Friday, September 28, 2012
Danalake tops Blue Hen Stakes
Wilmington, Del., September 27, 2012 —Sheldon Nitenson’s Danalake, a winner of her last two races, tops the $75,000 Blue Hen Stakes at Delaware Park this Saturday. Last year, locally-based Grace Hall used the mile-and-70-yard test for 2-year-old fillies as a prep for her second-place finish in the Breeders’ Cup Juvenile Fillies.
In her most recent, Danalake posted a 3¾-length score in the one-mile $50,000 Our Mims Stakes at Delaware Park on August 22. Previously, the daughter of Friends Lake posted a two-length triumph to break her maiden going five furlongs at Delaware Park on July 4. The Kentucky-bred conditioned by Todd Pletcher sports a career record of two wins and a second from three starts, with earnings of $58,800.
“We sprinted her in her first race and she got some experience from it,” said Dutrow. “Obviously, she learned a lot because when we stretched her out going two turns in her next race, she won and she ran very professionally. It was really good to see her give that kind of effort with such limited experience. She really stepped up and ran a nice race for us, so we are very happy with her. She has trained very well for the Blue Hen. There are a lot of things that add up that makes sense for us to try her in the Blue Hen.”
Fox Hill Farm’s Martha’s Moon will be making her first start going a route. The daughter of Malibu Moon has four career starts all sprinting at Calder Race Course. Her two victories all came over sloppy tracks.

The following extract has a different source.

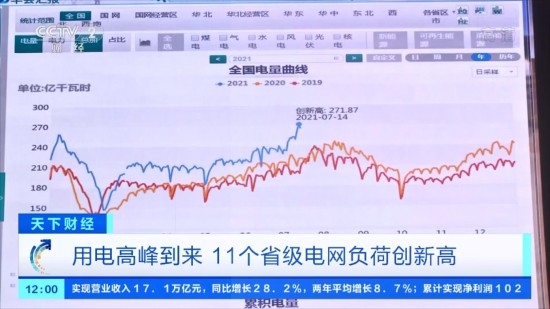 ebet真人·(中国)官方网站全国日用电量刷新历史纪录：达27187亿度(图1)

“She has got a grass pedigree and a lot of those grass horses prefer an off-track,” said trainer John Servis. “We purchased her thinking she was going to prefer going long on the grass. There really is not much around right now for her on the grass, so we thought we would try her going long in the Blue Hen Stakes. And you know, if we get some rain, that will not hurt either. It seems like they come out of Calder and do well everywhere, especially in the summer time. I think it really toughens young horses up and makes them pretty hardy and they generally come north and do real well.”